Beginning at the top of the entries below, retype each line exactly until the line containing "Images Dated 12th" has been written out; include no pictures and no later lines.

____ RECORD EXCERPTS

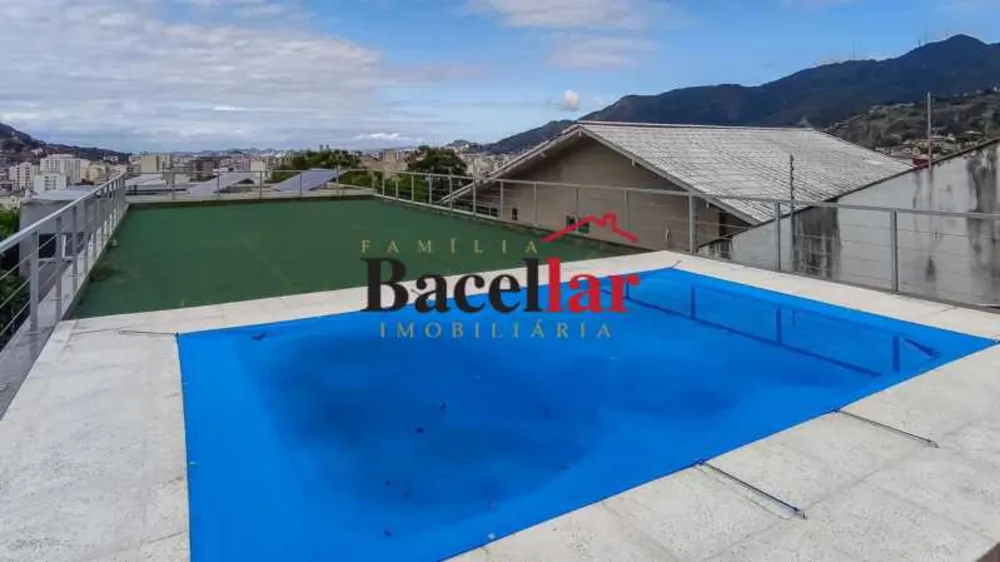 Casa, 4 quartos, 330 m² - Foto 1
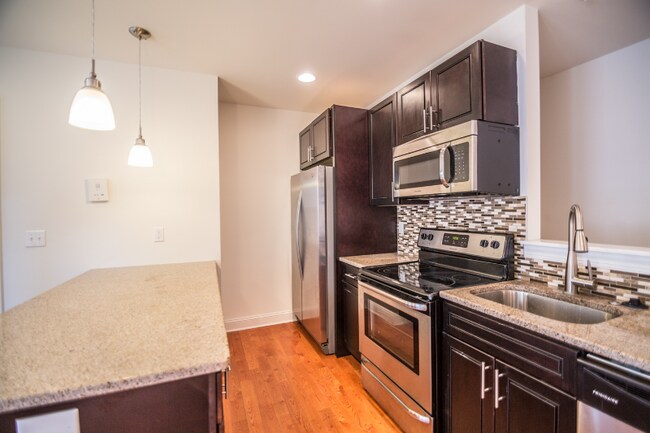 Foto del edificio - 3614 Spring Garden St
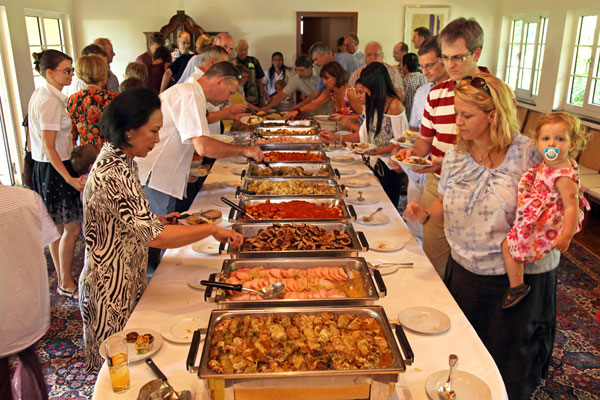 Grosses Buffet für die vielen Gäste der ersten gemeinsamen Nikolaus-Feier der Katholiken und Protestanten in Bangkok.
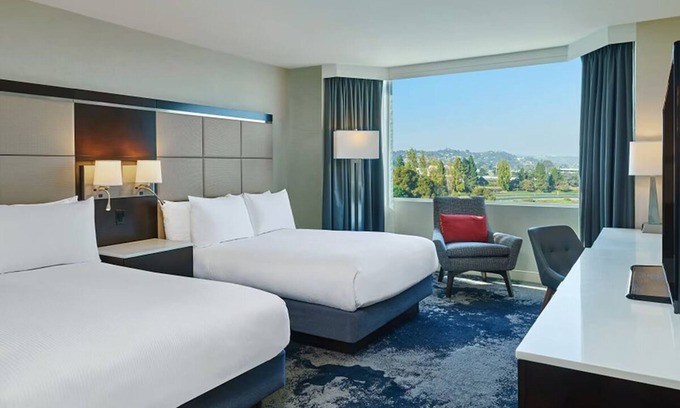 Redwood Shores Hotel | Onsite Pool, Classic 2 Double Room, Grand Bay San Francisco Hotel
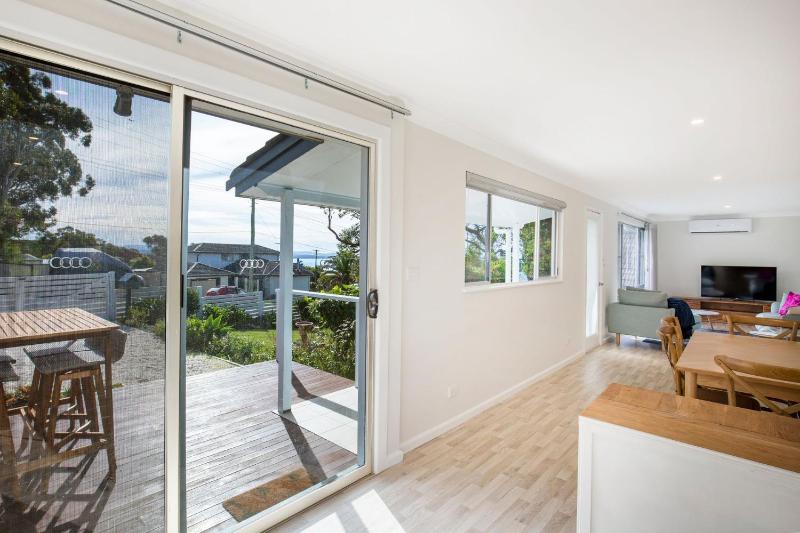 WindanSea Cottage Pet Friendly Ocean Glimpses - image 6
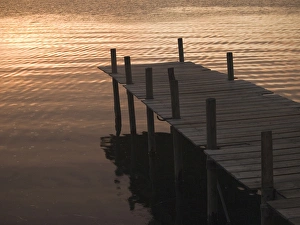 Images Dated 12th January 2007: Flores, Guatemala: Pier on the lake at the heart of Flores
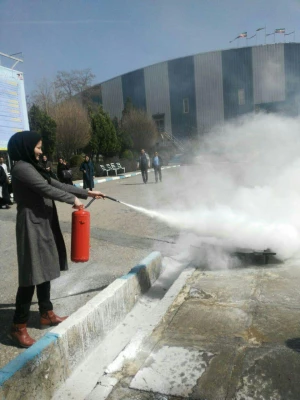به همت کانون هلال احمر پردیس شهید مدرس کردستان برگزار شد 

کارگاه آموزشی اطفاء حریق و چگونگی استفاده از کپسول های آتش نشانی 9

________

WRITTEN ANSWER ->
 Casa, 4 quartos, 330 m² - Foto 1
 Foto del edificio - 3614 Spring Garden St
 Grosses Buffet für die vielen Gäste der ersten gemeinsamen Nikolaus-Feier der Katholiken und Protestanten in Bangkok.
 Redwood Shores Hotel | Onsite Pool, Classic 2 Double Room, Grand Bay San Francisco Hotel
 WindanSea Cottage Pet Friendly Ocean Glimpses - image 6
 Images Dated 12th January 2007: Flores, Guatemala: Pier on the lake at the heart of Flores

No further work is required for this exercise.